# Advanced Sound from Bang & Olufsen for Audi Q7



## [email protected] (Apr 9, 2004)

A8, S8, R8, A5 and Q7 – what do they have in common? As you most likely know, they are all names of Audi car models, and now they all offer superb sound from Bang & Olufsen.
Take some time to think about it. Bringing together these two iconic companies was always going to be more than merely interesting. What has come out of the partnership is no less than an unrivalled synthesis of the most advanced form of freedom of movement and sound. 
* Full Story *


----------



## iwantanaudi (Jun 9, 2006)

*Re: Advanced Sound from Bang & Olufsen for Audi Q7 ([email protected])*

Price?


----------



## [email protected] (Apr 9, 2004)

*Re: Advanced Sound from Bang & Olufsen for Audi Q7 (iwantanaudi)*

Nothing announced yet. That said, I had a chance to play with the system while in Germany two weeks ago. I haven't written my review yet, but the rep from B&O who I spoke to said this system basically uses the same hardware as the A8/S8, but that they had to use a different subwoofer setup due to the lack of rear deck.
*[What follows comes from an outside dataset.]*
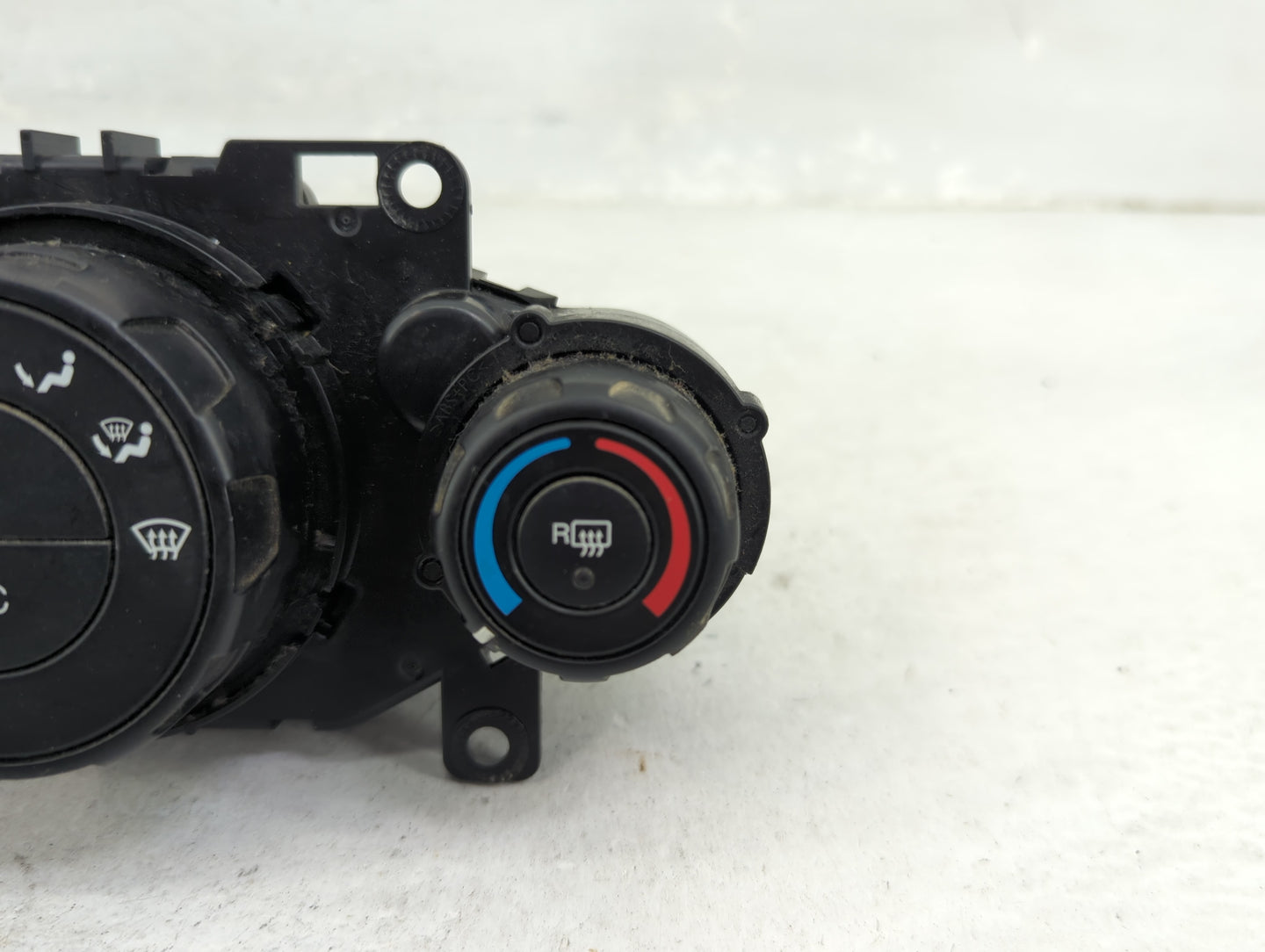 2011-2013 Ford Fiesta Climate Control Module Temperature AC/Heater Replacement P/N:AE83 19980 AH Fits Fits 2011 2012 2013 OE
There are other nuanced differences as well, but the just of it is that the material cost is likely the same, so I'd guess nearly the same as pricing in the A8.... so about $6K if I remember correctly.


----------



## QUATTR0 (Dec 1, 2005)

*Re: Advanced Sound from Bang & Olufsen for Audi Q7 ([email protected])*

hopefully the higher Q7 volume will bring down the price tag a bit... $6K for a sound system is a bit steep for the average SUV buyer


----------